Dad laughs, letting them know it’s okay to, too.

So with his good example setting the standard, I’m seriously debating making myself a warm hat for when I see him, maybe out of undyed baby alpaca or merino (and maybe not quite so bulky) so that it doesn’t quite compute till you get closer up. Go see what you think.



Knits of prey
Thursday January 17th 2013, 11:50 pm
Filed under: Knit,Wildlife

Hawk yoga. Every pose you could think of, including one I hadn’t seen before: wings raised in sharp inverted Vs with a tight lean forward as if ready for takeoff, then relaxing again on the fence, a foot slowly rising up and disappearing into the poofy feathers against the chill of the day. This is the life, he sang into the wind.

Half an hour. I considered walking a few steps over and back to pick up the hat project as I watched the hawk show, live!, but nah, why disturb him.

I suddenly wondered if, had I done so, what a small ball of yarn in blues/greens/purples would look like to him, with its long tail constantly jerking around my hands.  Caught me a live one!

After he left, anyway.



Lynn and her Beloved
Tuesday January 15th 2013, 11:13 pm
Filed under: Friends,Knit,Life

Lynn, here, the post where I got to meet her in person in Texas the day after she got engaged, her happiness lighting up the whole church. I got to see her again last month when we came back to see my in-laws, and Lynn and I spent an evening at her old knitting group in the Madeline Tosh ship in Ft Worth where she’d been a regular before she’d married and moved a few towns away.

I twirl a small forkful of Lynn’s late mother-in-law’s orange honey that she gifted me with about every other day, savoring it, trying not to run out too fast, thinking of her and how grateful I am for her friendship every time I look at that jar. How glad I am that she and her Beloved found each other in their lives.

Yesterday was their first anniversary.

Today her beloved, one of the very best, slipped away before hospice could even finish setting up at their house.

I’ve wanted to grab the next flight. I can’t afford it. What I did do was go searching in my house, for–something, I didn’t know what, and found a shawl project that I’d long ago stalled out on: it had been put aside while I’d debated how to finish it and while I had had people needing the love from something hand knit Right Now, and so the shawl had become abandoned altogether and at last pretty much forgotten other than the occasional guilt twinge in its direction.

I didn’t even remember which pattern it was; I was surprised when I pulled it out to see it was Y not Z. Huh.

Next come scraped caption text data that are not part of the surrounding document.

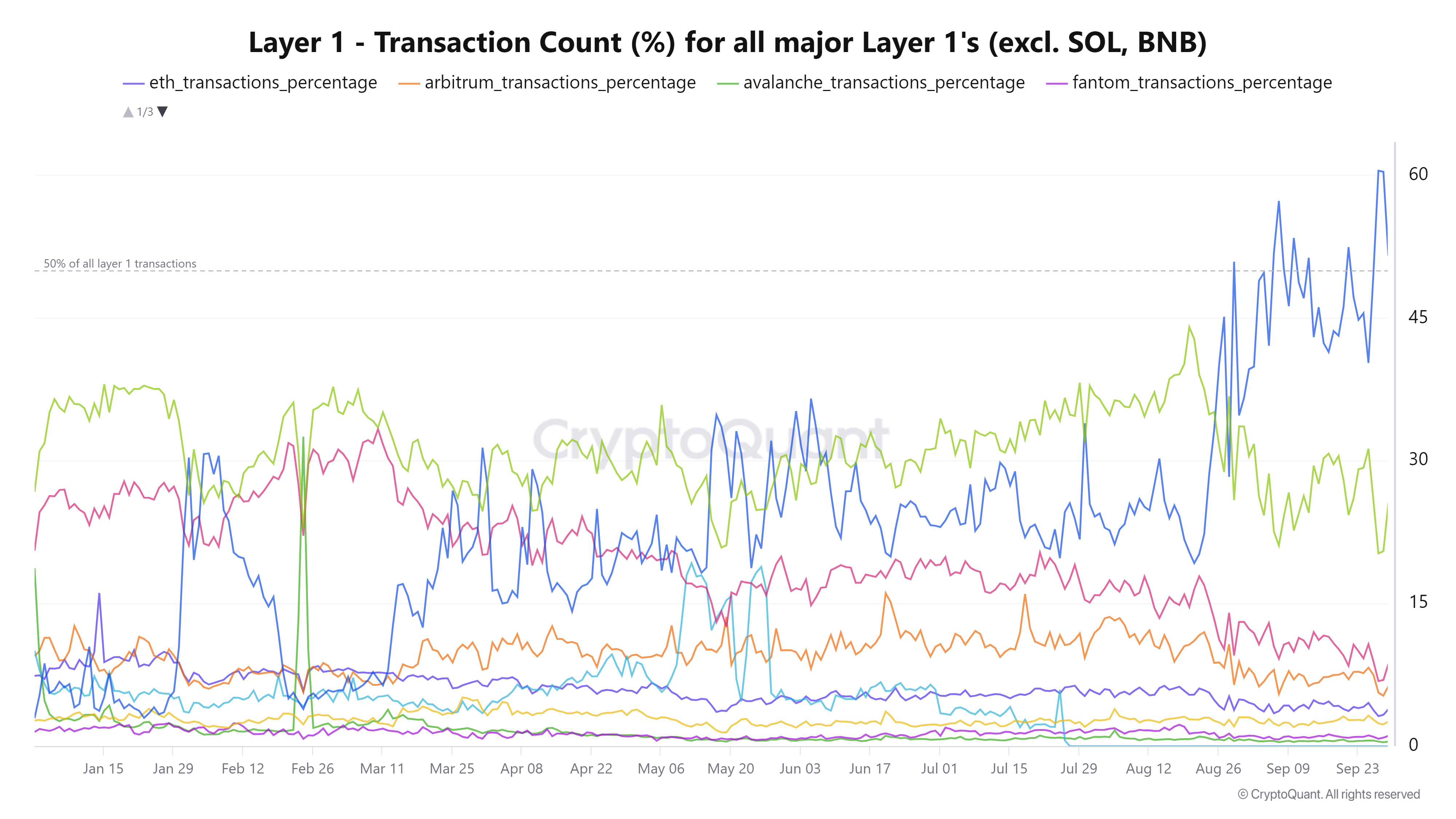 l1 transactions 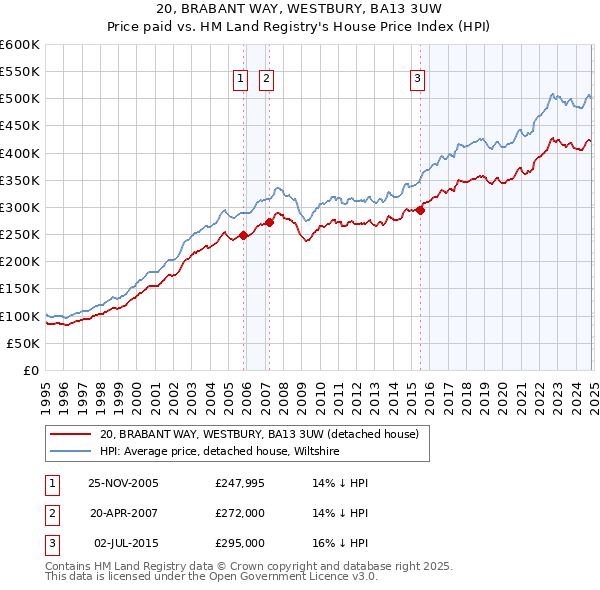 20, BRABANT WAY, WESTBURY, BA13 3UW: Price paid vs HM Land Registry's House Price Index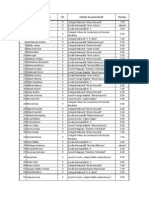 2014 Engleza Locala Arad Clasele Vviii Rezultate Initialefgff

I always did like that yarn.

I sat down with it. I decided, seventeen months after I’d started, at long last what to do: a few rows there, that’s all it had needed all this time, that and a decision, and I cast it off, blocked it, and with that I tied up one loose end in my own life. It is done. And after its submersion in the water, it feels like one of the most beautiful things I have ever knit.

And it’s not at all Lynn’s color, darnit.